DC Journal: Which Candidate Will Put Patients at the Forefront?
By Kasia Mulligan, Patients Come First’s National Spokesperson
With more than a third of Americans living with at least one chronic condition and one in 10 Americans living with a rare disease, it might be worth reminding presidential campaigns about an issue critically important to millions whose healthcare is at the forefront of their minds.
In their recent vice-presidential debate, Sen. JD Vance and Gov. Tim Walz sparred on protecting pre-existing conditions under the Affordable Care Act. However, the reality of 160 million Americans living with a chronic condition or a rare disease means healthcare policies and reform should be at the forefront of the debate — not an hour and 14 minutes into a 90-minute debate.
This country desperately needs an essential conversation about access to innovative drugs and treatments.
Interventions for chronic conditions like stroke, heart disease, Alzheimer’s, arthritis, cancer, diabetes and cystic fibrosis provide many people with an improved quality of life. For Americans living with rare diseases, expensive-to-develop orphan drugs and biologics are lifesaving.
How often does removing obstacles in the way of patient well-being come up on the campaign trail?
A new Gallup poll revealed that 67 percent of U.S. adults — including majorities of both political parties — say healthcare is not receiving enough attention.
The hard truth is that we have taken at least three steps back in making the United States innovation-friendly for cures. For example, one of the key provisions of the Inflation Reduction Act was creating a new government price-setting system for certain prescription drugs. While supporters try to sell the policy under the label of “Medicare price negotiation,” it is nothing more than classic price controls.
Opponents of the IRA warned that government price setting would lead to unintended consequences, including reduced research and development spending.
Recent evidence suggests they were right. The uncertainty created by price controls has resulted in companies slashing R&D spending. This makes sense. When heavy-handed government intervention prevents market forces from determining prices, companies face uncertainty and tend to limit their investments in risky and resource-intensive research.

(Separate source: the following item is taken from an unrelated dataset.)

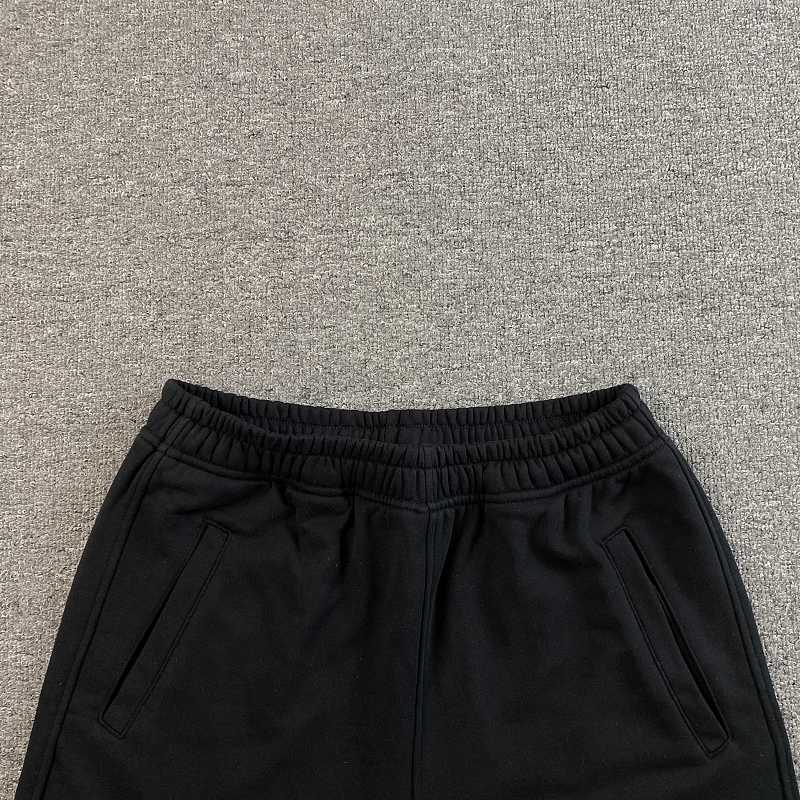 MM6 Maison Margiela Shorts · 4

The Congressional Budget Office notes that bringing a new drug to market can cost more than $2 billion. Without recouping the large up-front investment, companies will simply stop producing new treatments.
Researchers at the University of Chicago estimate that, thanks to government price controls, 254 fewer drugs will be approved over the next two decades. That is 254 fewer potentially life-saving medicines. Patients, especially those with rare conditions, will suffer most.

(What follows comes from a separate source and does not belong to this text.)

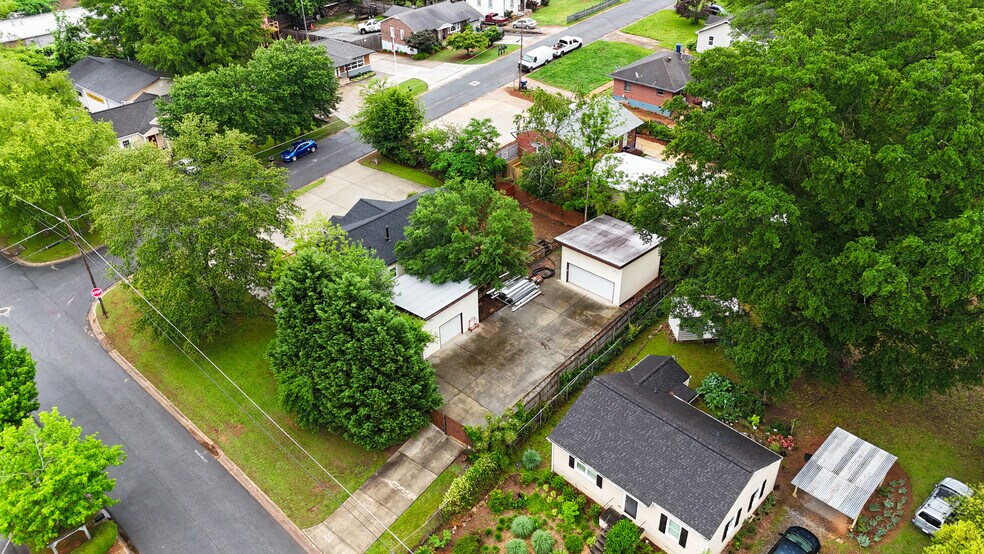 More Photos Of 1746 Hazelwood Dr SE, Marietta Office For Sale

Even if the presidential candidates don’t highlight access to care, there are still opportunities to ensure voters are aware of the issue before casting ballots. Throughout the fall, congressional committees will hold hearings to examine the IRA’s effects on the healthcare system. These are ample opportunities to raise awareness of the law’s pernicious effect on the innovation ecosystem that delivers critical treatments to patients.